J&J Seeks FDA Approval of IMAAVY® as First Treatment for wAIHA

Johnson & Johnson recently submitted a supplemental Biologics License Application (sBLA) to the FDA for IMAAVY® (nipocalimab-aahu) to treat warm autoimmune hemolytic anemia (wAIHA), a rare disease with no approved therapies.

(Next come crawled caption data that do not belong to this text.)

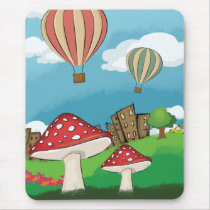 Painting of mushrooms in the park near the city mousepads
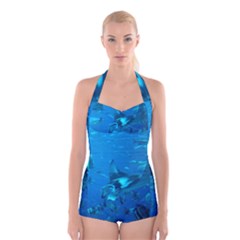 Manta Ray 2 Boyleg Halter Swimsuit  by trendistuff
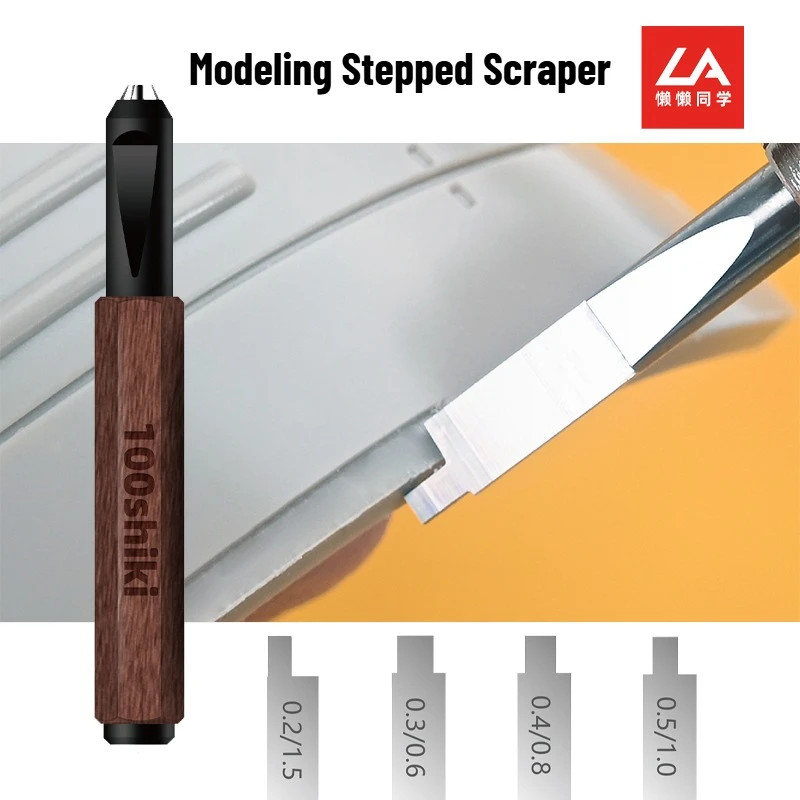 100shiki Modeling Stepped Scraper with Walnut Handle Model Hobby Making Tools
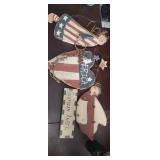 wooden rustic craft angels and heart 3 pieces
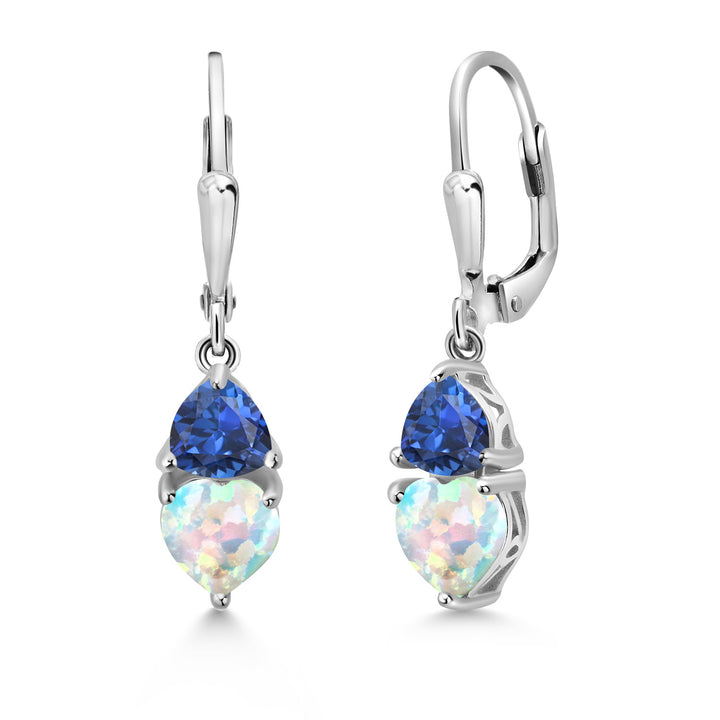 White Opal and Created Sapphire_925 Sterling Silver_Earrings in 925 Sterling Silver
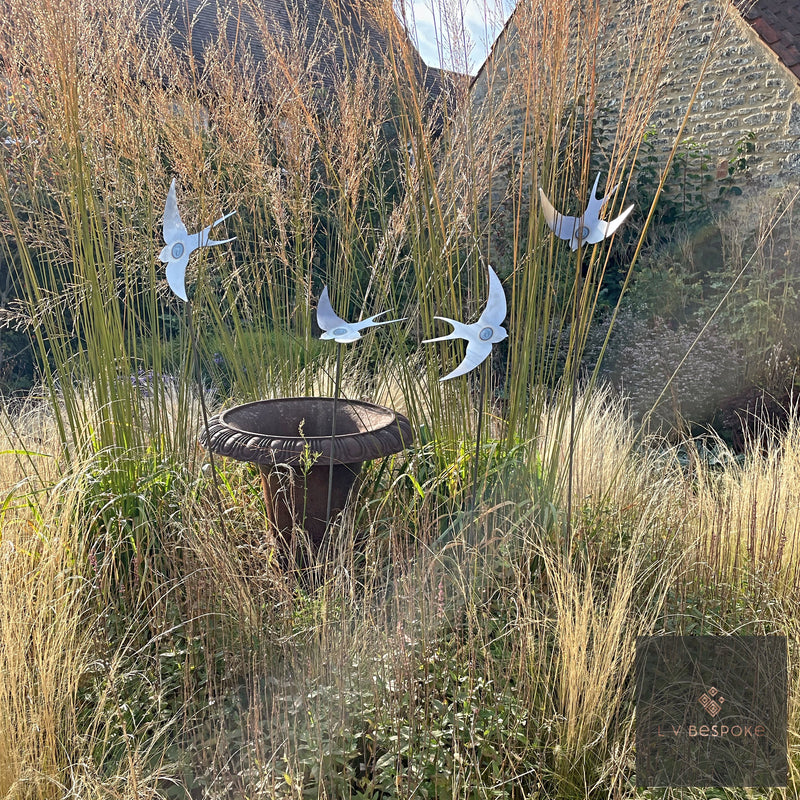 Bird / Insect Metal Garden Stakes, various designs, 2 heights.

This milestone builds on positive Phase 2/3 ENERGY trial data, highlighting potential rapid hemoglobin improvements and fatigue reduction in affected adults.

ENERGY Trial Results

The Phase 2/3 ENERGY study (NCT04119050) was a randomized, double-blind, placebo-controlled trial in wAIHA adults. More nipocalimab-treated patients hit the primary endpoint: durable hemoglobin response (≥10 g/dL, ≥2 g/dL increase from baseline for ≥28 days without rescue therapy). Patients also showed rapid, sustained fatigue improvements via FACIT-Fatigue scores, with good tolerability matching the gMG label no new safety signals. Full results are pending for publication.

Safety Profile

IMAAVY® was well-tolerated in ENERGY, consistent with prior data. Common adverse reactions (≥10%) in gMG trials included respiratory tract infections, peripheral edema, and muscle spasms. For full details on warnings (e.g., infections, hypersensitivity, infusion reactions), precautions, and adverse reactions, see the official FDA prescribing information: IMAAVY™ Prescribing Information (PDF). Note: IMAAVY® is not approved for wAIHA yet.

Understanding wAIHA

Warm autoimmune hemolytic anemia affects about 1 in 8,000 people in the US, where IgG autoantibodies destroy red blood cells, causing anemia. Patients face severe risks, including 20-30% higher mortality, chronic fatigue, transfusion needs, and complications like thrombosis or organ failure. Current care relies on unapproved corticosteroids or immunosuppressants, leaving substantial unmet needs.​

IMAAVY® Mechanism

IMAAVY® selectively blocks the neonatal Fc receptor (FcRn), reducing harmful IgG autoantibodies while sparing key immune functions like responses to new infections. Approved since April 2025 for generalized myasthenia gravis (gMG) in AChR- or MuSK-positive patients aged 12+, it targets autoantibody-driven diseases. IMAAVY® is also being studied for systemic lupus erythematosus (SLE) in the JASMINE trial and Sjögren’s disease in the landmark DAHLIAS Phase 2 trial

Regulatory Designations

Nipocalimab has received multiple FDA and EMA designations supporting its development, including Fast Track for wAIHA (July 2019), Orphan Drug status (December 2019), and Breakthrough Therapy for related indications like HDFN and Sjögren’s disease. These recognitions underscore its potential in rare autoantibody conditions, with Priority Review granted for gMG in 2024.​

Reference

Johnson & Johnson seeks FDA approval of IMAAVY^® (nipocalimab-aahu) as the first-ever FDA-approved treatment for warm autoimmune hemolytic anemia (wAIHA), 24 February 2026, Johnson & Johnson seeks FDA approval of IMAAVY® (nipocalimab-aahu) as the first-ever FDA-approved treatment for warm autoimmune hemolytic anemia (wAIHA)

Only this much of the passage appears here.